Tidak kalah populer ialah Qasidah al-Burdah, untaian puisi-puisi pujian kepada Nabi Muhammad s.a.w. karya Syekh al-Busiri, penyair sufi Mesir abad ke-13 M. Kasidah ini biasa dinyanyikan pada perayaan Maulid Nabi. Dalam Tuhfat al-Mujahidin, kitab sejarah karangan Zainuddin al-Ma`bari abad ke15 dikatakan bahwa dakwah Islam berjalan efektif melalui penuturan kisah Nabi dan sajak-sajak pujian yang dinyanyikan dalam perayaan Maulid (Ismail Hamid 1983:27).

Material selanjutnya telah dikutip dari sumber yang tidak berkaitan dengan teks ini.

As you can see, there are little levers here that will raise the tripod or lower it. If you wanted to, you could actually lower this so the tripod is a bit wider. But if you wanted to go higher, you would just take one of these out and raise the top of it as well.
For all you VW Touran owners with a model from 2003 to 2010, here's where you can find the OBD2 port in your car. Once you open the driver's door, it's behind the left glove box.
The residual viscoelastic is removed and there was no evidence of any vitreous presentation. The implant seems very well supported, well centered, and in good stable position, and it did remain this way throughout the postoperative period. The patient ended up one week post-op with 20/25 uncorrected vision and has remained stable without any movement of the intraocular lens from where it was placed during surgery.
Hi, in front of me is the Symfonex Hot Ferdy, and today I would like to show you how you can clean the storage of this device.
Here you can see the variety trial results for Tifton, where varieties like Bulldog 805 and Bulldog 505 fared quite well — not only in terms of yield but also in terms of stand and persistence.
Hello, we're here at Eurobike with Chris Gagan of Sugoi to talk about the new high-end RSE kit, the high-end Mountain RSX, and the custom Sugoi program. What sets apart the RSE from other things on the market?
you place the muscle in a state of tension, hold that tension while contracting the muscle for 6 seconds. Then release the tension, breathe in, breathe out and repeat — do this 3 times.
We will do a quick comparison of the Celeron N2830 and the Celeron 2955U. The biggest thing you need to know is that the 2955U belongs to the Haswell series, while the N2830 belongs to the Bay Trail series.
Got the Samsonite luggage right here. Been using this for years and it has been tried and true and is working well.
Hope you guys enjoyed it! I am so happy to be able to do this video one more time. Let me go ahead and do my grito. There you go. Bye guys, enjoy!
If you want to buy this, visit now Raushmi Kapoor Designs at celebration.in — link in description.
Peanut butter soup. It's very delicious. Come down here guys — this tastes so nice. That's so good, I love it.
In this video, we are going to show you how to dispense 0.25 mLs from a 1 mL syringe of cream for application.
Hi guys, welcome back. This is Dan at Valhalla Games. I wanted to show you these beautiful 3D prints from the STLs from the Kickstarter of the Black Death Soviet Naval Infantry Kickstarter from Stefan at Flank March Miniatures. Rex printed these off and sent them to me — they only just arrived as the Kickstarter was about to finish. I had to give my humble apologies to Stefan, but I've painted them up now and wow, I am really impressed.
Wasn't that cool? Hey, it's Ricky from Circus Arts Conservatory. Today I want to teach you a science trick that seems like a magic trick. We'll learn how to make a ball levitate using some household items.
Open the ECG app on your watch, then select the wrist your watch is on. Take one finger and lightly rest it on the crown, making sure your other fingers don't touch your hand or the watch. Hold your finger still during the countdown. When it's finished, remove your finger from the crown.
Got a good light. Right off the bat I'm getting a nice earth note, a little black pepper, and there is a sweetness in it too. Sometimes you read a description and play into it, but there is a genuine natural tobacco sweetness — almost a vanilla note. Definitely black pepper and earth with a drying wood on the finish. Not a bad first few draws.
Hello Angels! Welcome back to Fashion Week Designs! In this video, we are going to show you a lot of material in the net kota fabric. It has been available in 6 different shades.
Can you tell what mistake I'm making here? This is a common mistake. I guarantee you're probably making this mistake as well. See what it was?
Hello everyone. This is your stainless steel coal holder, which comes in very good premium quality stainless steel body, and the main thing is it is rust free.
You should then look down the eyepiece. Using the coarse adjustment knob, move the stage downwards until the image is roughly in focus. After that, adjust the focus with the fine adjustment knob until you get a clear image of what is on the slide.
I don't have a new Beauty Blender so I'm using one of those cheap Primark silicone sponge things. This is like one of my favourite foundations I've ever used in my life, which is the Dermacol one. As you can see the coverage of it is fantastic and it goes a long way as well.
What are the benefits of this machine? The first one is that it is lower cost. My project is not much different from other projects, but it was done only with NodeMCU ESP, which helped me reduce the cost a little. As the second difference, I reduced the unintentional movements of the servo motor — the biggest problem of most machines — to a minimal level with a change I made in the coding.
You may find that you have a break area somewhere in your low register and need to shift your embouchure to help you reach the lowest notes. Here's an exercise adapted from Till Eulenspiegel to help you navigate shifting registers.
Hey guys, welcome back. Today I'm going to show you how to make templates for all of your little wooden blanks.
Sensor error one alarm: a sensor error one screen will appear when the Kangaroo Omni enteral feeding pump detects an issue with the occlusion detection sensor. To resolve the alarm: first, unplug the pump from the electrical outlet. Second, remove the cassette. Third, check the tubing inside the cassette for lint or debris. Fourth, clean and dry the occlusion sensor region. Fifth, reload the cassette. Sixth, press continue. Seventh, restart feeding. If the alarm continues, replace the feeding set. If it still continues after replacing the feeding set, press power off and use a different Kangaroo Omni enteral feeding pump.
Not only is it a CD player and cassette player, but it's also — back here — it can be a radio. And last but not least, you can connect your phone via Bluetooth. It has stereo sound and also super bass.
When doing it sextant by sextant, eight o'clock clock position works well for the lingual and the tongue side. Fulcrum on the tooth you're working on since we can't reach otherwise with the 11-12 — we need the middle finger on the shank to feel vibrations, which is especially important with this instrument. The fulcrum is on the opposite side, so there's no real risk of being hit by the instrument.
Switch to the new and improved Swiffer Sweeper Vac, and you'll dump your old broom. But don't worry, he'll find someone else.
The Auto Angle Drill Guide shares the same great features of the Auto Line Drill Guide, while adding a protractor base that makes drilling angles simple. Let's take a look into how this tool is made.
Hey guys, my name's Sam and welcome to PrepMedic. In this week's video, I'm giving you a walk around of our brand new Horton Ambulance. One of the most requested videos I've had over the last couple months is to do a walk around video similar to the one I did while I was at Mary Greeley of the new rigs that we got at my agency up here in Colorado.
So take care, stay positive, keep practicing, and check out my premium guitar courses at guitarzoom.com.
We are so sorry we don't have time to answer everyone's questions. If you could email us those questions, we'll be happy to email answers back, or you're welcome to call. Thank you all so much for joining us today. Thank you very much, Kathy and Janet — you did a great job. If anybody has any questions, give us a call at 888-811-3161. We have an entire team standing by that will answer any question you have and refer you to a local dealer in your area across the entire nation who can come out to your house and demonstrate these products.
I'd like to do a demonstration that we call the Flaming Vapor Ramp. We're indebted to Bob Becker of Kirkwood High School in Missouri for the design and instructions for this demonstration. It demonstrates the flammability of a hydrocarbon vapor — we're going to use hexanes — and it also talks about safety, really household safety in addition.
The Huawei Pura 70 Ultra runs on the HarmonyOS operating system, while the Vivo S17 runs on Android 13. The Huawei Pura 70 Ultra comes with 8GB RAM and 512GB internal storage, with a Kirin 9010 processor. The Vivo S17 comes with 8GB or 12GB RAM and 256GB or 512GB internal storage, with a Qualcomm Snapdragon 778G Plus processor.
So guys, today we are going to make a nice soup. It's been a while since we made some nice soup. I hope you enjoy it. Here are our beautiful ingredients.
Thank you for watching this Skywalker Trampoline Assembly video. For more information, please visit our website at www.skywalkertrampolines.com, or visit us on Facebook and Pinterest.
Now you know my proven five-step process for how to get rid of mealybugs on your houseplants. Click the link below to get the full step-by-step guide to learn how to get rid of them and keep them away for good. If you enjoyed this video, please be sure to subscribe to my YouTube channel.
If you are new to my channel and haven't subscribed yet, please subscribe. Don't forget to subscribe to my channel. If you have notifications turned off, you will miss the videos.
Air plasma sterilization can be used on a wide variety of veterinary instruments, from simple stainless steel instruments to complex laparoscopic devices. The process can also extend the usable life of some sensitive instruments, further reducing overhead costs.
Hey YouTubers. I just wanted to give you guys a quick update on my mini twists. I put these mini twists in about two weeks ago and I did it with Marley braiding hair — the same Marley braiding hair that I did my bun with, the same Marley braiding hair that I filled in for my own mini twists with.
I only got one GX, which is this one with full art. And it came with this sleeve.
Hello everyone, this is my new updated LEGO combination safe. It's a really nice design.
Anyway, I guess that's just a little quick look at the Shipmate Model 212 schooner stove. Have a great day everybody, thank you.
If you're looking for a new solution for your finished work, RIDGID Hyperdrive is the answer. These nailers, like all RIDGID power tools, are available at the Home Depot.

Tetapi disayangkan naskah-naskah yang ditulis pada masa awal hampir tidak ditemukan lagi. Yang dijumpai, sebagian besar adalah salinan abad ke-16 dan 17 M, khususnya yang ditulis di Aceh Yang jelas pada zaman Islam memainkan peranan penting bukan hanya sebagai media penyebaran gagasan keagamaan, tetapi juga penyebaran gagasan intelektual dan keilmuan.

Zaman Peralihan

Taufik Abdullah (2002) membagi sejarah pemikiran Islam di Nusantara dari abad ke-13 hingga pertengahan abad ke-19 M ke dalam tiga gelombang. Gelombang Pertama adalah gelombang diletakkannya dasar-dasar kosmopolitanisme Islam, yaitu sikap budaya yang menjadikan diri sebagai bagian dari masyarakat kosmopolitan dengan referensi kebudayaan Islam. Gelombang ini terjadi sebelum dan setelah munculnya kerajaan Samudra Pasai hingga akhir abad ke-14 M.

Dalam Gelombang Kedua terjadi proses islamisasi kebudayaan dan realitas secara besar-besaran. Islam dipakai sebagai cermin untuk melihat dan memahami realitas. Pusaka lama dari zaman pra-Islam, yang Syamanistik, Hinduistik dan Buddhistik ditransformasikan ke dalam situasi pemikiran Islam dan tidak jarang dipahami sebagai sesuatu yang islami dari sudut pandang doktrin. Gelombang ini terjadi bersamaan dengan munculnya kesultanan Malaka (1400-1511) dan Aceh Darussalam (1516-1700). Dalam Gelombang Ketiga, ketika pusat-pusat kekuasaan Islam di Nusantara mulai tersebar hampir seluruh kepulauan Nusantara, pusat-pusat kekuasaan ini ‘seolah-olah’ berlomba-lomba melahirkan para ulama besar. Dalam gelombang inilah proses ortodoksi Islam mengalami masa puncaknya. Ini terjadi pada abad ke-18 – 19 M.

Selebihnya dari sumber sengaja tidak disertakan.